ASSIGNMENT: From the data below, copy exactly the lines that lie between the one holding "White Beaded Stretch" and the one holding "Ewe Surf framed print by Simon Clarke", including both, and nothing more.

DATA TO EXAMINE:
--- START ---
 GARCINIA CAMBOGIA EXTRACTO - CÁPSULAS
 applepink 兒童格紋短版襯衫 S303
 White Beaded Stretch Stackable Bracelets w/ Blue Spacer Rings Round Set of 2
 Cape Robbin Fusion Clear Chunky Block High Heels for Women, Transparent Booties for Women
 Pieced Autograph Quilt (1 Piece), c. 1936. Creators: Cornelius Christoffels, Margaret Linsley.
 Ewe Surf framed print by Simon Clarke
--- END ---
--- START ---
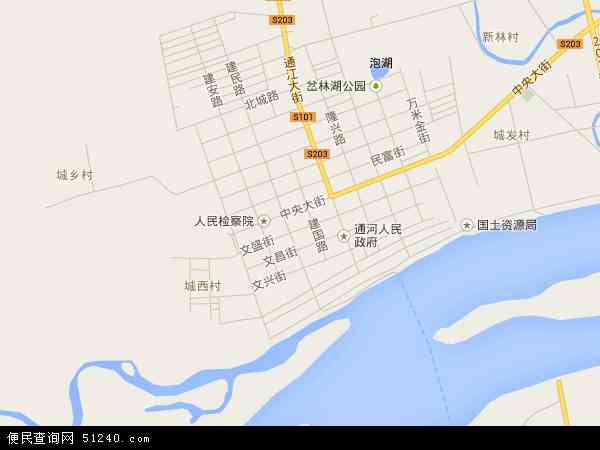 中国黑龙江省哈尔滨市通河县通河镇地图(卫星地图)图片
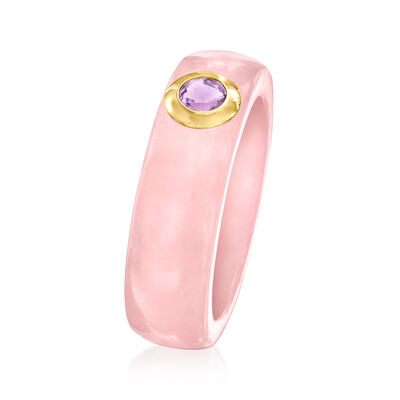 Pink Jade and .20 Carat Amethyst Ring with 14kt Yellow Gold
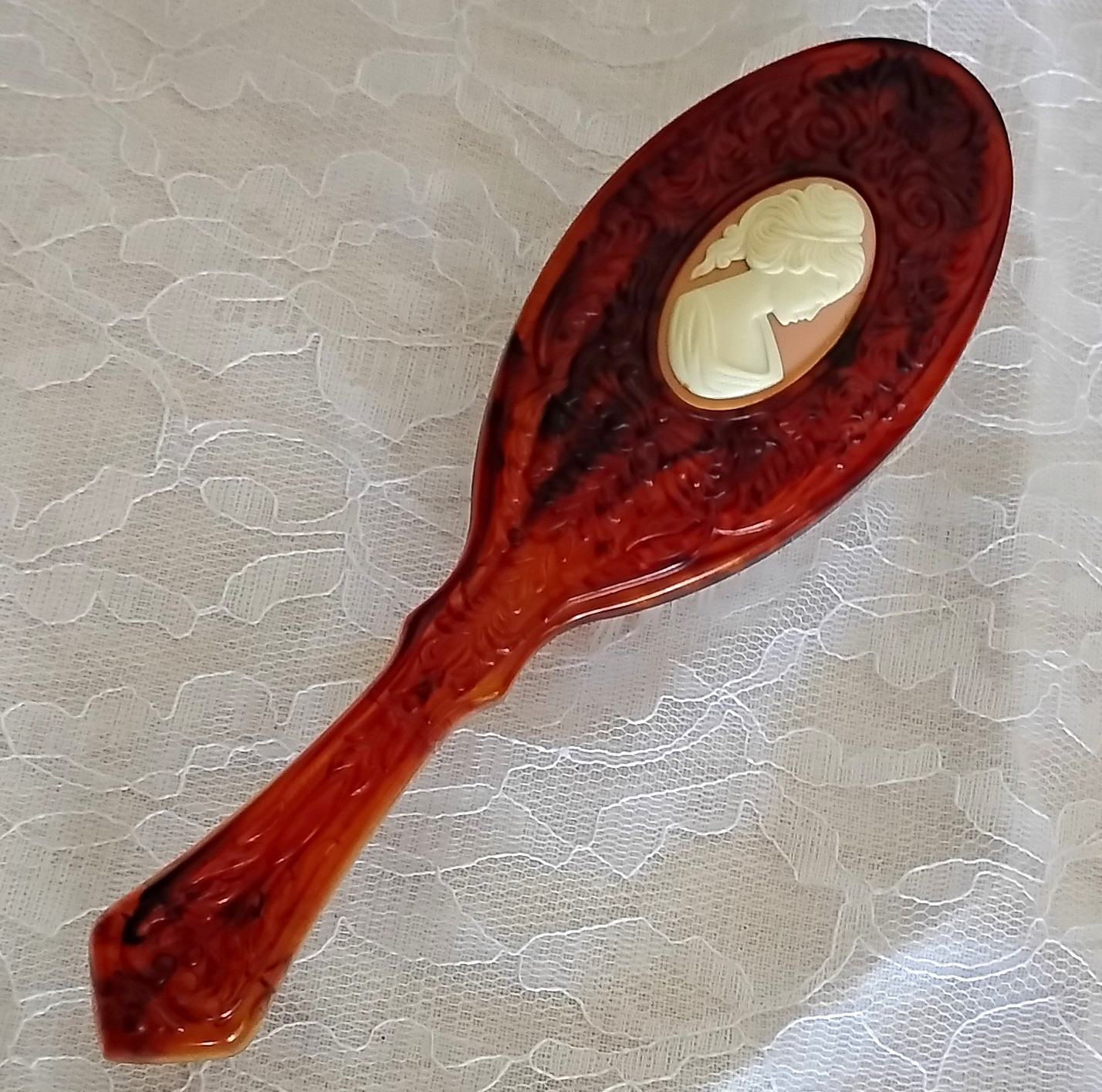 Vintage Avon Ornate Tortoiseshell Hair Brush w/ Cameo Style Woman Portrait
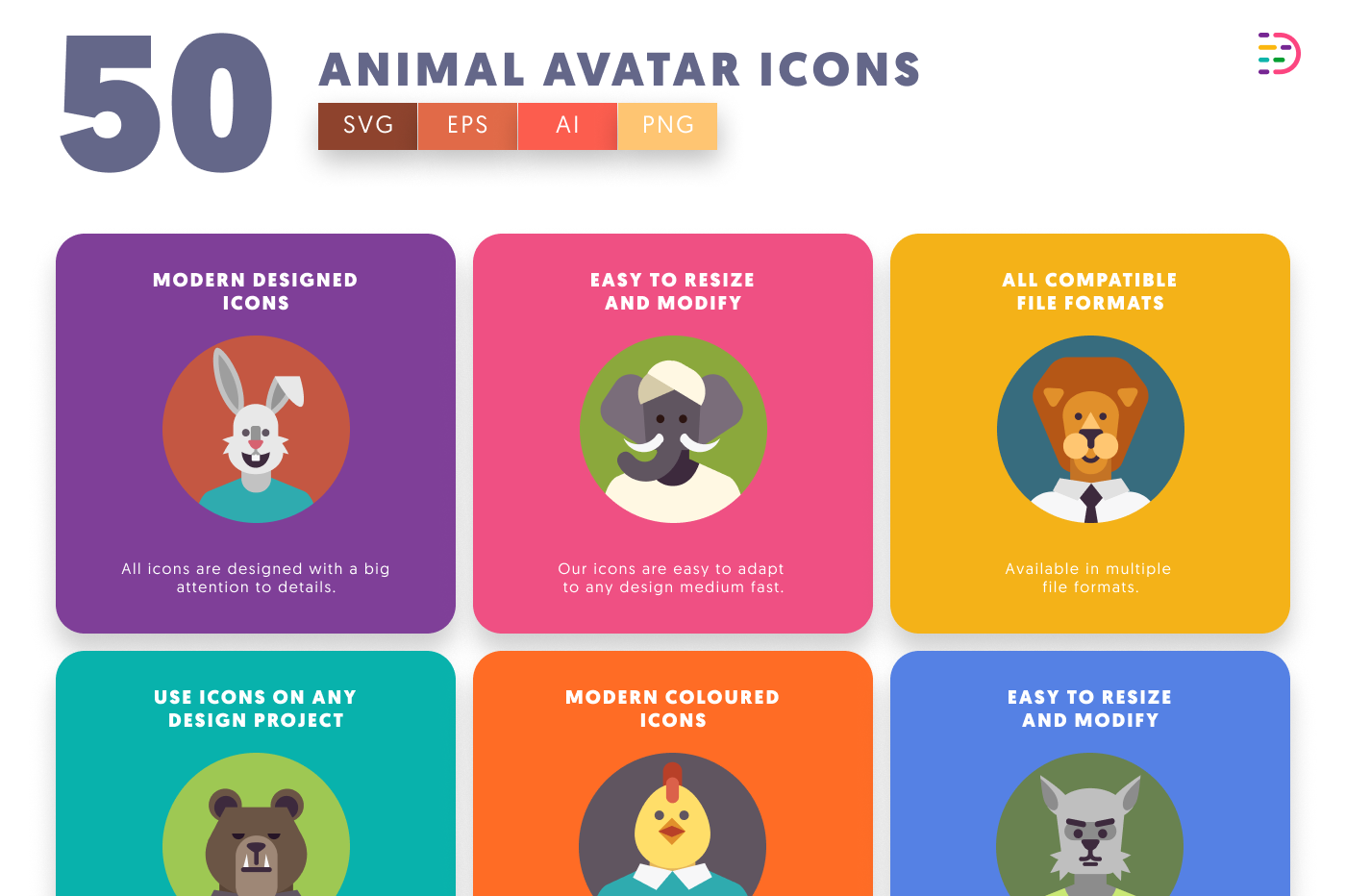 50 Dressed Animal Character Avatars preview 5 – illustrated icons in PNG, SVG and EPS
--- END ---
FINAL ANSWER:
 White Beaded Stretch Stackable Bracelets w/ Blue Spacer Rings Round Set of 2
 Cape Robbin Fusion Clear Chunky Block High Heels for Women, Transparent Booties for Women
 Pieced Autograph Quilt (1 Piece), c. 1936. Creators: Cornelius Christoffels, Margaret Linsley.
 Ewe Surf framed print by Simon Clarke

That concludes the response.